▸ Your goal
For this exercise, copy all the data exactly and include none of the pictures.

▸ Extracted information

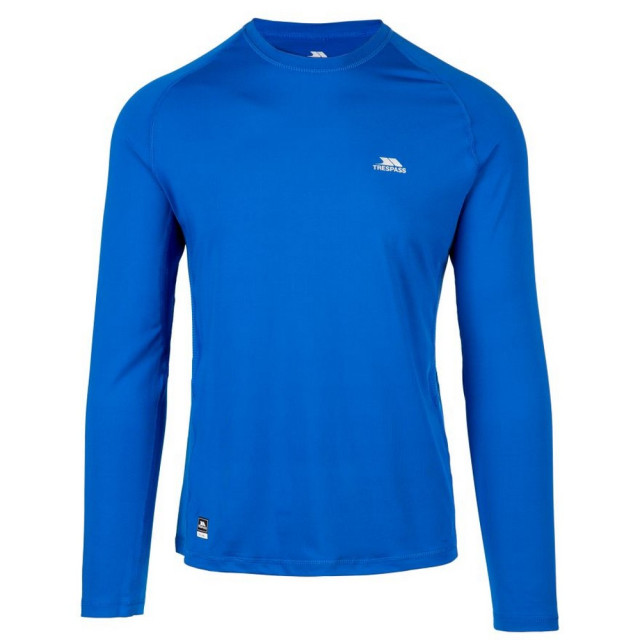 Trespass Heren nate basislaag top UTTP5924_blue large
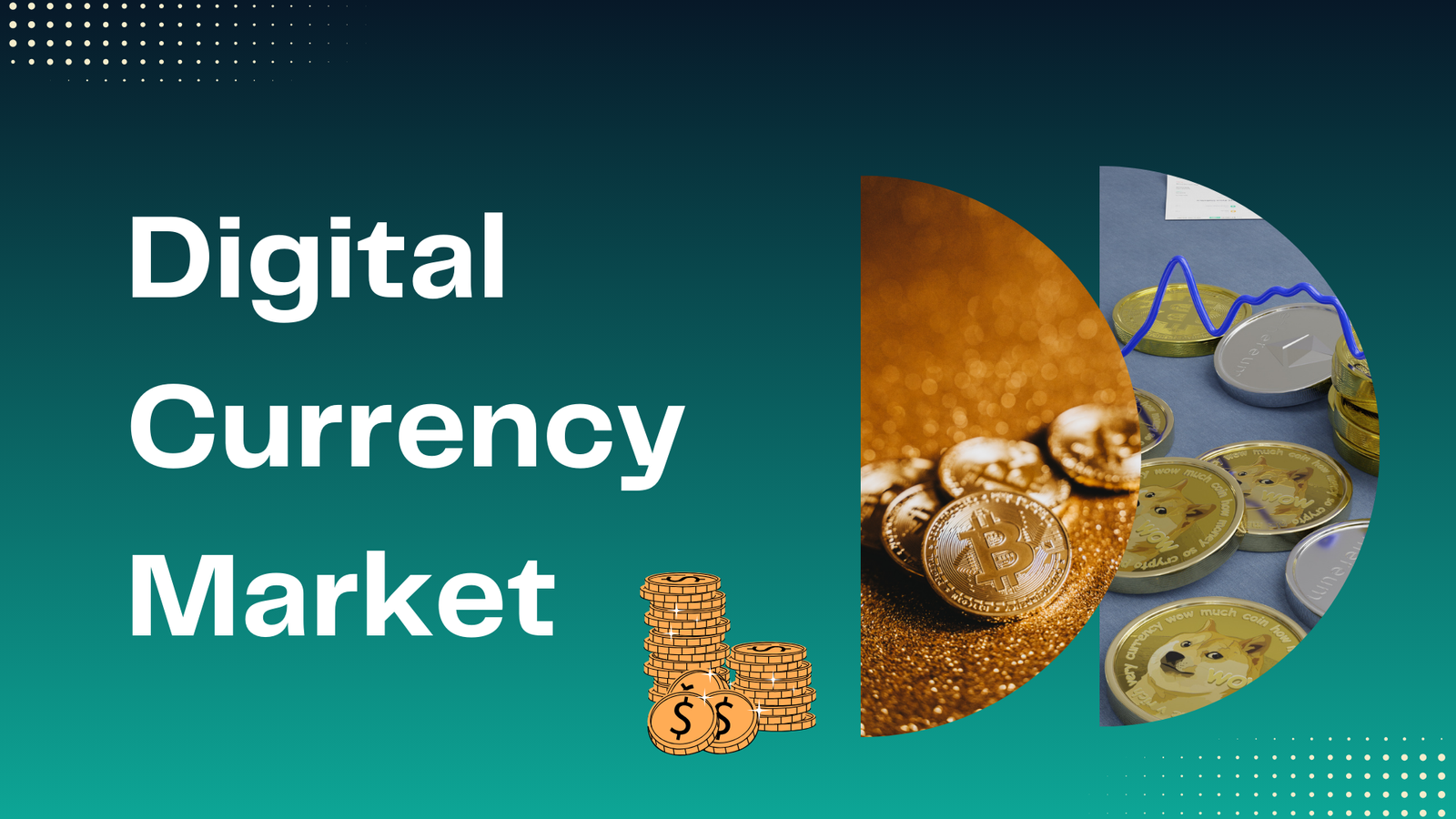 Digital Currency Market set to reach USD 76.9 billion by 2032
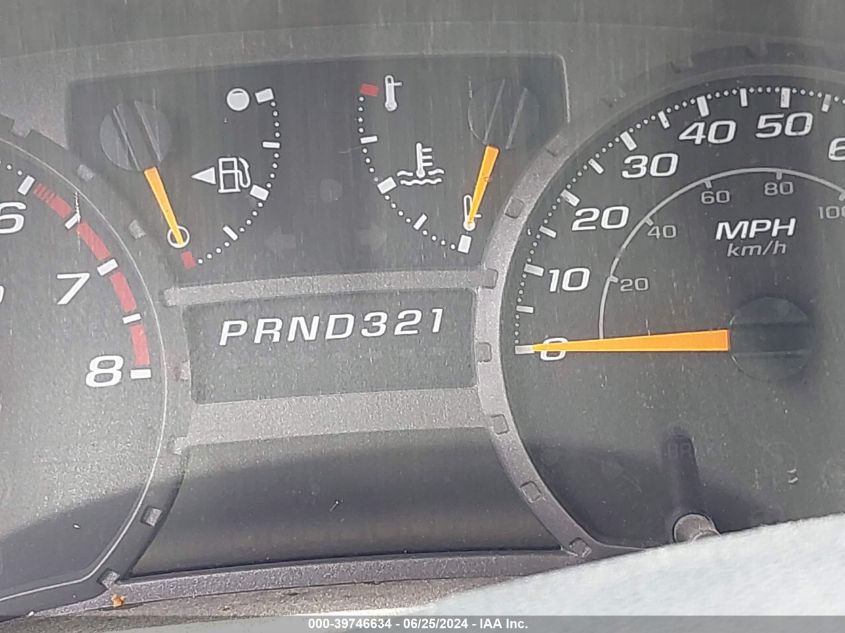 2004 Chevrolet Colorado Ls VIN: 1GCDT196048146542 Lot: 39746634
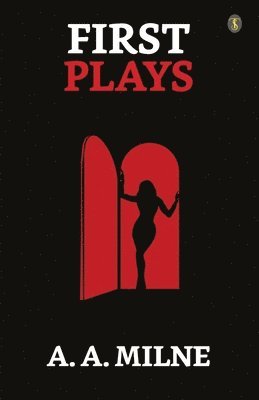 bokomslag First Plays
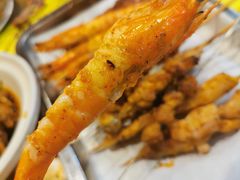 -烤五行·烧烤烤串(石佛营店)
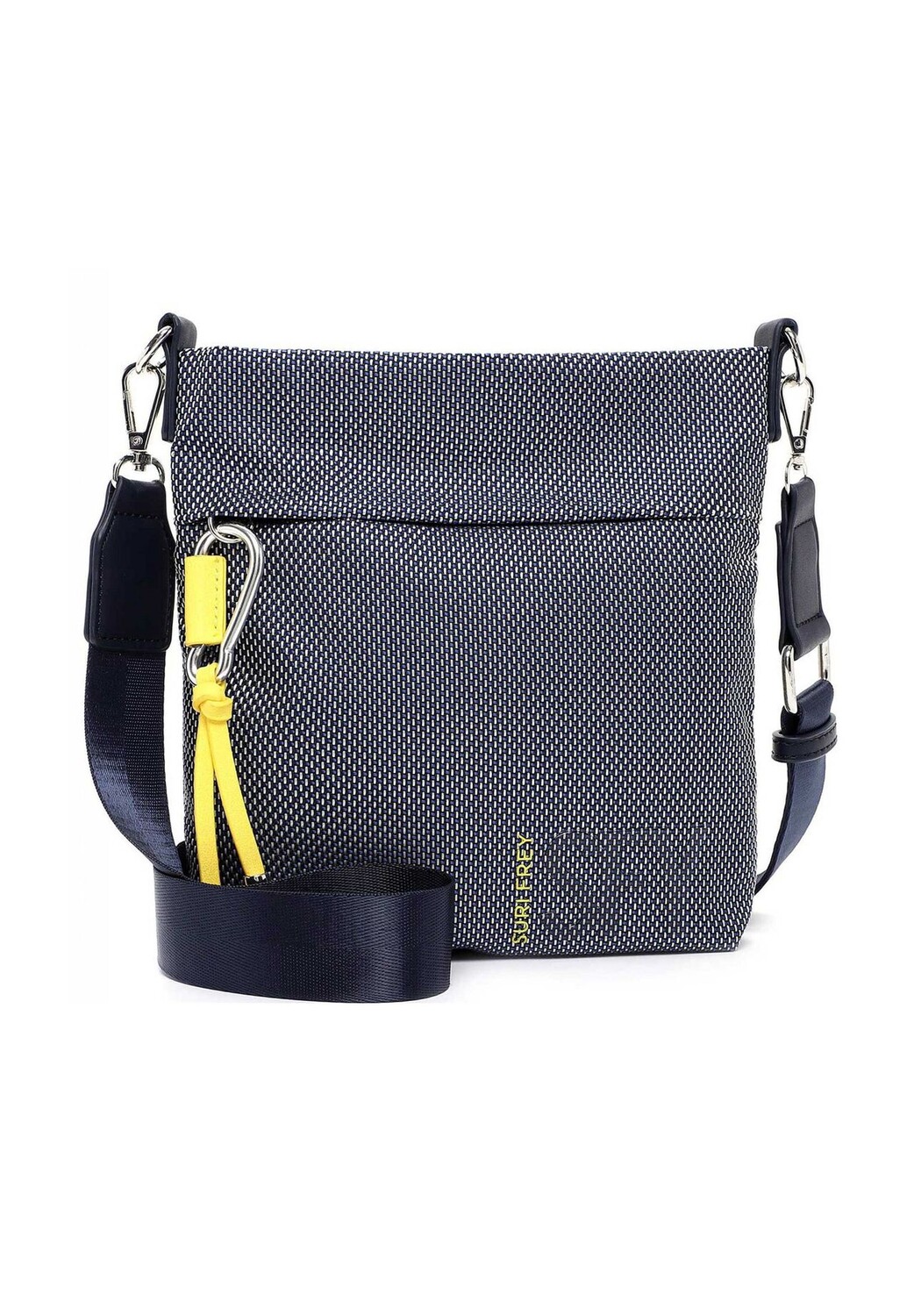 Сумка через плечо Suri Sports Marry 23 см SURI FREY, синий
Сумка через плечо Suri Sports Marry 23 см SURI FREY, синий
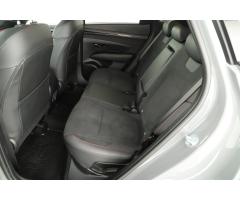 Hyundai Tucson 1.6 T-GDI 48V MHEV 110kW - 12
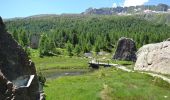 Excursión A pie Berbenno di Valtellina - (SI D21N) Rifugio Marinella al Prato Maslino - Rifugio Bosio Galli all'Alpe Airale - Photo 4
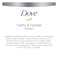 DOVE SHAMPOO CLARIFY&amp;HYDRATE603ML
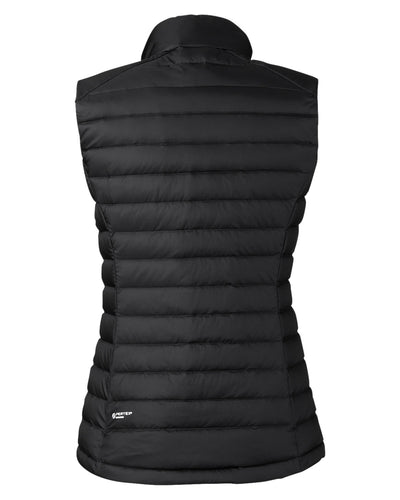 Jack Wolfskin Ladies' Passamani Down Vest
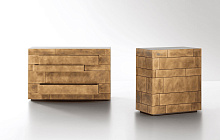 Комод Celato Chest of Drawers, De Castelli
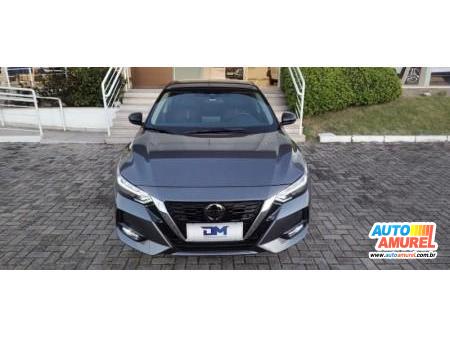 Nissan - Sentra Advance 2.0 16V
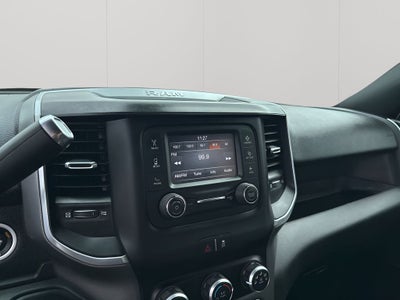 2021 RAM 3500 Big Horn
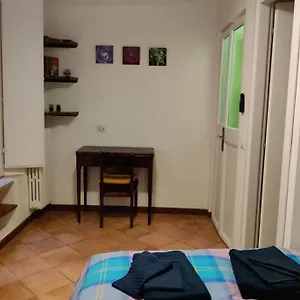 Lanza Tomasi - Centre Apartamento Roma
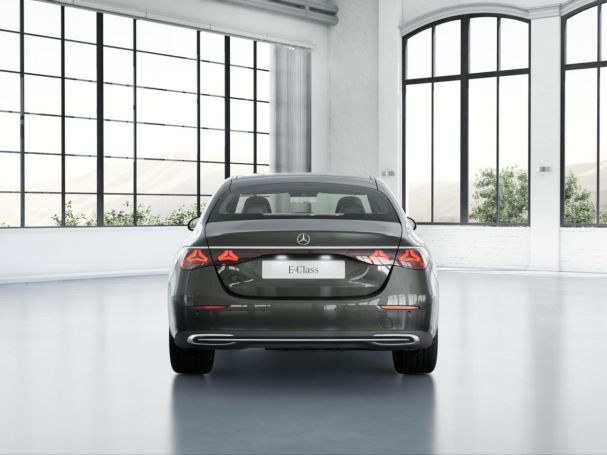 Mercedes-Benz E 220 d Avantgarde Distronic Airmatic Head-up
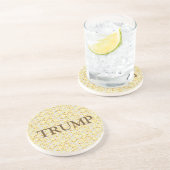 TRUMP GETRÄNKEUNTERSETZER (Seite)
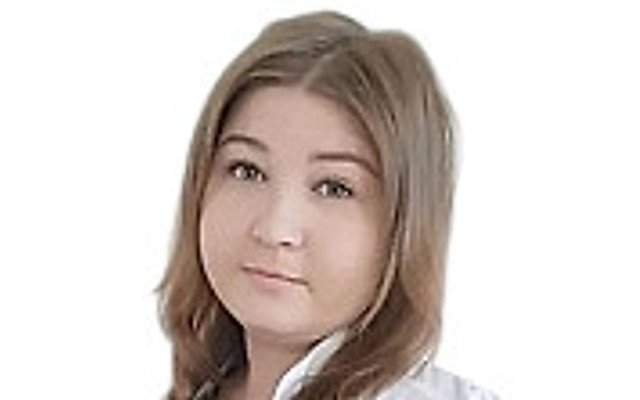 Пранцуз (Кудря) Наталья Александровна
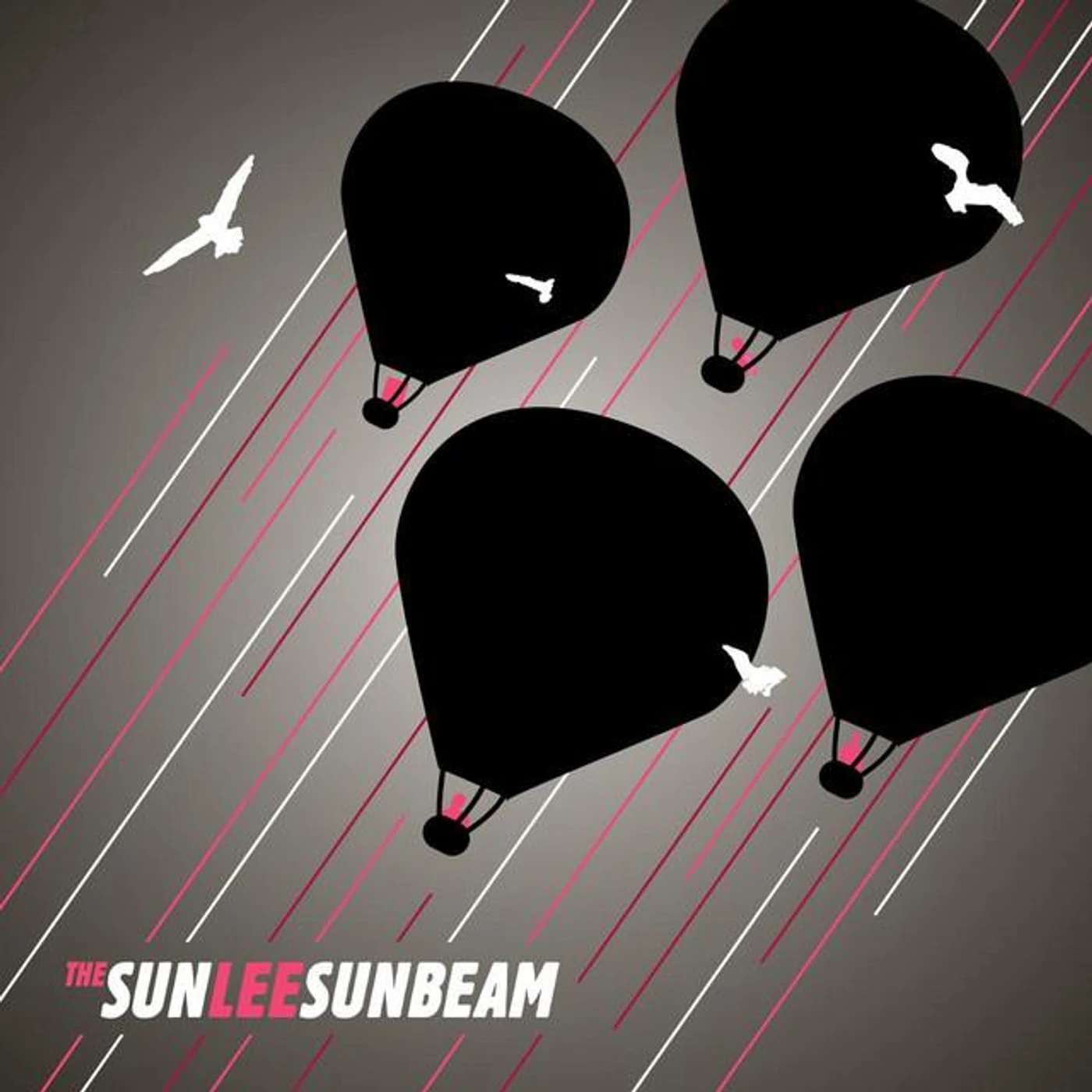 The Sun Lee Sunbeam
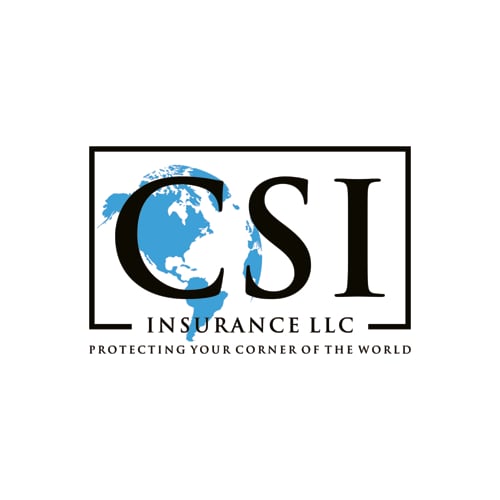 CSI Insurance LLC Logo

▸ Written response
 Trespass Heren nate basislaag top UTTP5924_blue large
 Digital Currency Market set to reach USD 76.9 billion by 2032
 2004 Chevrolet Colorado Ls VIN: 1GCDT196048146542 Lot: 39746634
 bokomslag First Plays
 -烤五行·烧烤烤串(石佛营店)
 Сумка через плечо Suri Sports Marry 23 см SURI FREY, синий
Сумка через плечо Suri Sports Marry 23 см SURI FREY, синий
 Hyundai Tucson 1.6 T-GDI 48V MHEV 110kW - 12
 Excursión A pie Berbenno di Valtellina - (SI D21N) Rifugio Marinella al Prato Maslino - Rifugio Bosio Galli all'Alpe Airale - Photo 4
 DOVE SHAMPOO CLARIFY&amp;HYDRATE603ML
 Jack Wolfskin Ladies' Passamani Down Vest
 Комод Celato Chest of Drawers, De Castelli
 Nissan - Sentra Advance 2.0 16V
 2021 RAM 3500 Big Horn
 Lanza Tomasi - Centre Apartamento Roma
 Mercedes-Benz E 220 d Avantgarde Distronic Airmatic Head-up
 TRUMP GETRÄNKEUNTERSETZER (Seite)
 Пранцуз (Кудря) Наталья Александровна
 The Sun Lee Sunbeam
 CSI Insurance LLC Logo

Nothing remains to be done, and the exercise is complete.